\(75.2 \mathrm{~g}\) of \(\mathrm{C}_6 \mathrm{H}_5 \mathrm{OH}\) (phenol) is dissolved in a solvent of \(K_f=14\). If the depression in freezing point is \(7 \mathrm{~K}\), then find the \(\%\) of phenol that dimerises.

Phenol is dimerised as follows
At \(t=0\)
\(2 \mathrm{C}_6 \mathrm{H}_5 \mathrm{OH} \rightleftharpoons\left(\mathrm{C}_6 \mathrm{H}_5 \mathrm{OH}\right)_2\)
At equilibrium
\((1-\alpha) \quad \alpha / 2\)
Total moles after dimerisation \(=1-\alpha+\alpha / 2=1-\alpha / 2\)
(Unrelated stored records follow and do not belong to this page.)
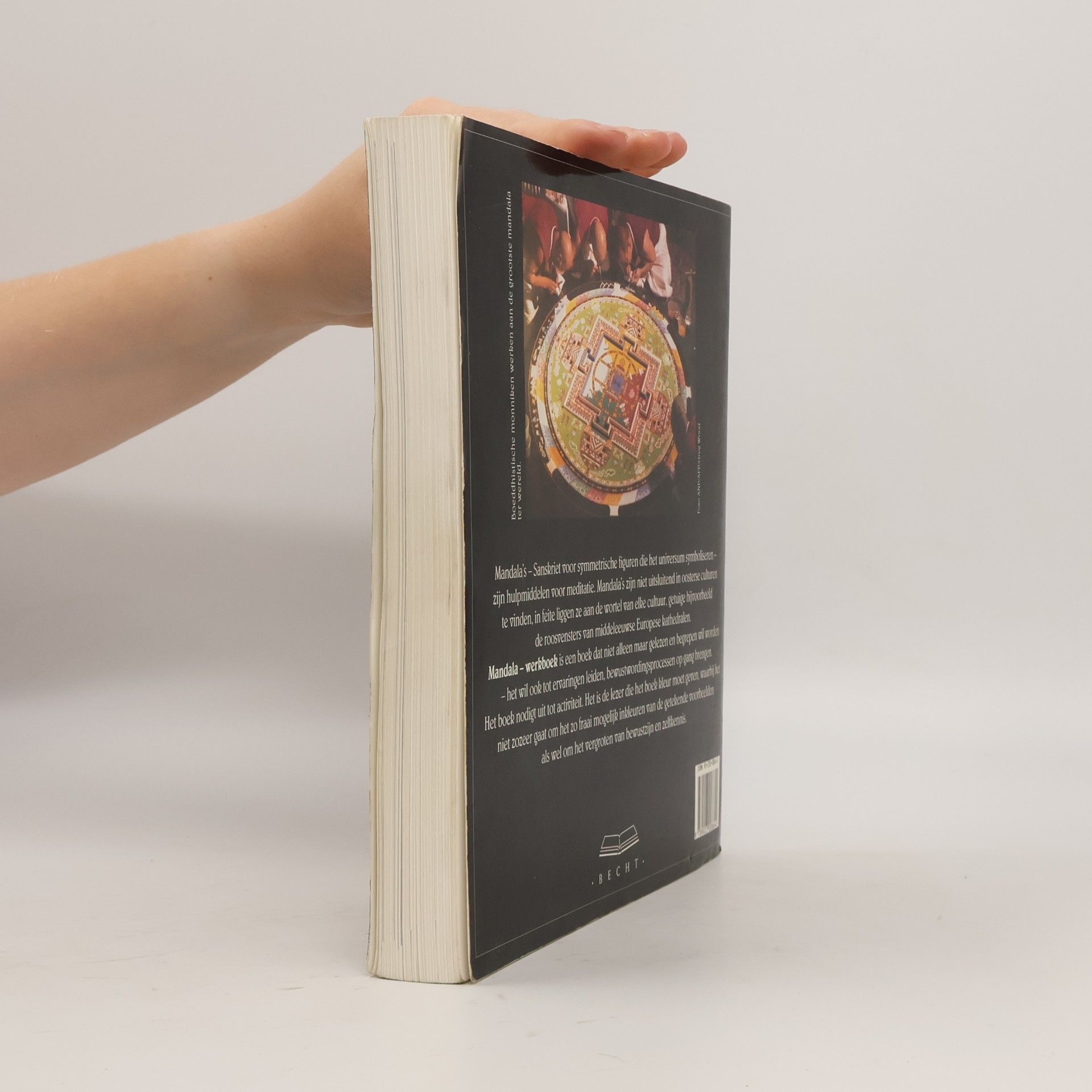 Ruediger Dahlke Mandala-werkboek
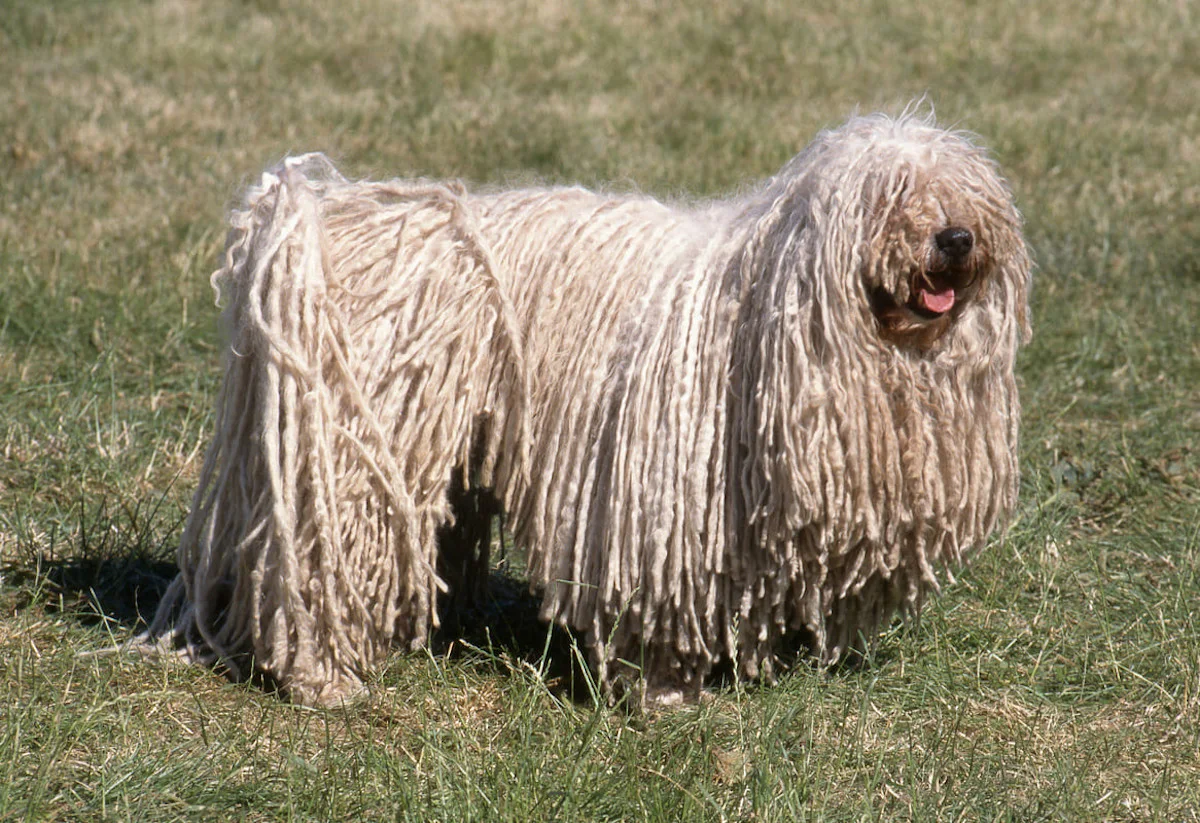 chien-puli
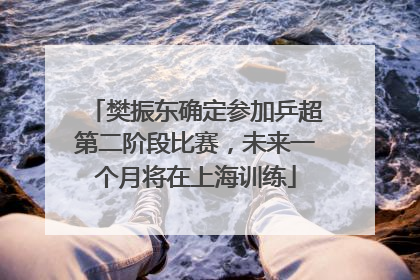 樊振东确定参加乒超第二阶段比赛，未来一个月将在上海训练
\(\text {Van't Hoff factor (i)} =\) \(\frac{\text {Normal molecular wt. of phenol}}{\text {Abnormal molecular wt. of phenol}}\)\(=\frac{94}{m_{a b}} \)
\(m_{a b} =\frac{1000 \times K_f \times w}{\Delta T_f \times W}\)
Given that
\(K_f=14 \)
\(w=72.5 \mathrm{gm} \)
\(W=1000 \mathrm{gm} \)
\(\therefore m_{a b}=\frac{1000 \times 14 \times 72.5}{7 \times 1000}=145\)
\(\therefore \quad i=\frac{94}{145}\)
\(\text {(i)}=\frac{\text {No. of particles after dimerisation}}{\text {No. of particles before dimerisation}}\)\(=\frac{1-\alpha / 2}{1}\)
From eq. (i) and (ii)
\(1-\alpha / 2 =\frac{94}{145}=0.65 \)
\(\frac{\alpha}{2} =1-0.65=0.35\)
Hence, \(35 \%\) phenol is present in dimeric form.